_Work instruction_
Repeat each line of the material exactly.

- - -

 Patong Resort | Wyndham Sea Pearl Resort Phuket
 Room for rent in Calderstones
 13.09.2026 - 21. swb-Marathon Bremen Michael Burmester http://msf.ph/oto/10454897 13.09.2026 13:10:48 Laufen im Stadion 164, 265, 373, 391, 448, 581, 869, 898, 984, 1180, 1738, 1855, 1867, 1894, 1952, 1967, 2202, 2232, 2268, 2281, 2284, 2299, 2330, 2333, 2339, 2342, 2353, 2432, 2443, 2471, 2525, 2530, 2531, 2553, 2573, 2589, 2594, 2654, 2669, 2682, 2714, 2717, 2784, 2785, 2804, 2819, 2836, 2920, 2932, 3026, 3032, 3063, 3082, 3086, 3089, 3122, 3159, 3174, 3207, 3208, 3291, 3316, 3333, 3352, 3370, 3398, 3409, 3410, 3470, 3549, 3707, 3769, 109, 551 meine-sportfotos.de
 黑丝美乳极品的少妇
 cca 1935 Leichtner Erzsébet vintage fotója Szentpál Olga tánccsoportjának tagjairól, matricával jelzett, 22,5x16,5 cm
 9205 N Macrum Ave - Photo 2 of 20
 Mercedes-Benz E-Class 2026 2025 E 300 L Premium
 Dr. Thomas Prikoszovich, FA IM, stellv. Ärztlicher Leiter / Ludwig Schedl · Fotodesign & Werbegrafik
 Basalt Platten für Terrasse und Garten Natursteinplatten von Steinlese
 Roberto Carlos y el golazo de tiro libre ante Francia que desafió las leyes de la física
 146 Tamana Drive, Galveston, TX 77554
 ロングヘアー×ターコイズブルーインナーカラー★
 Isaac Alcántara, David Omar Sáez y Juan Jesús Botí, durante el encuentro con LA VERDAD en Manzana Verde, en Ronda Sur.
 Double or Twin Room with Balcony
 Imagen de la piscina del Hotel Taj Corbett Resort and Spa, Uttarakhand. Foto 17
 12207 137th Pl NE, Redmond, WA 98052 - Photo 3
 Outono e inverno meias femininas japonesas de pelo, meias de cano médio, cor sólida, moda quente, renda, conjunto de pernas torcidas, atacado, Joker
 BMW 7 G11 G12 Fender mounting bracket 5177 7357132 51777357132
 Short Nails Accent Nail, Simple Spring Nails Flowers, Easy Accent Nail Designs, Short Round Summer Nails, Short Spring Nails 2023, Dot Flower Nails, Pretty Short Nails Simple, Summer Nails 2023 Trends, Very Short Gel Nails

- - -

_Task output_
 Patong Resort | Wyndham Sea Pearl Resort Phuket
 Room for rent in Calderstones
 13.09.2026 - 21. swb-Marathon Bremen Michael Burmester http://msf.ph/oto/10454897 13.09.2026 13:10:48 Laufen im Stadion 164, 265, 373, 391, 448, 581, 869, 898, 984, 1180, 1738, 1855, 1867, 1894, 1952, 1967, 2202, 2232, 2268, 2281, 2284, 2299, 2330, 2333, 2339, 2342, 2353, 2432, 2443, 2471, 2525, 2530, 2531, 2553, 2573, 2589, 2594, 2654, 2669, 2682, 2714, 2717, 2784, 2785, 2804, 2819, 2836, 2920, 2932, 3026, 3032, 3063, 3082, 3086, 3089, 3122, 3159, 3174, 3207, 3208, 3291, 3316, 3333, 3352, 3370, 3398, 3409, 3410, 3470, 3549, 3707, 3769, 109, 551 meine-sportfotos.de
 黑丝美乳极品的少妇
 cca 1935 Leichtner Erzsébet vintage fotója Szentpál Olga tánccsoportjának tagjairól, matricával jelzett, 22,5x16,5 cm
 9205 N Macrum Ave - Photo 2 of 20
 Mercedes-Benz E-Class 2026 2025 E 300 L Premium
 Dr. Thomas Prikoszovich, FA IM, stellv. Ärztlicher Leiter / Ludwig Schedl · Fotodesign & Werbegrafik
 Basalt Platten für Terrasse und Garten Natursteinplatten von Steinlese
 Roberto Carlos y el golazo de tiro libre ante Francia que desafió las leyes de la física
 146 Tamana Drive, Galveston, TX 77554
 ロングヘアー×ターコイズブルーインナーカラー★
 Isaac Alcántara, David Omar Sáez y Juan Jesús Botí, durante el encuentro con LA VERDAD en Manzana Verde, en Ronda Sur.
 Double or Twin Room with Balcony
 Imagen de la piscina del Hotel Taj Corbett Resort and Spa, Uttarakhand. Foto 17
 12207 137th Pl NE, Redmond, WA 98052 - Photo 3
 Outono e inverno meias femininas japonesas de pelo, meias de cano médio, cor sólida, moda quente, renda, conjunto de pernas torcidas, atacado, Joker
 BMW 7 G11 G12 Fender mounting bracket 5177 7357132 51777357132
 Short Nails Accent Nail, Simple Spring Nails Flowers, Easy Accent Nail Designs, Short Round Summer Nails, Short Spring Nails 2023, Dot Flower Nails, Pretty Short Nails Simple, Summer Nails 2023 Trends, Very Short Gel Nails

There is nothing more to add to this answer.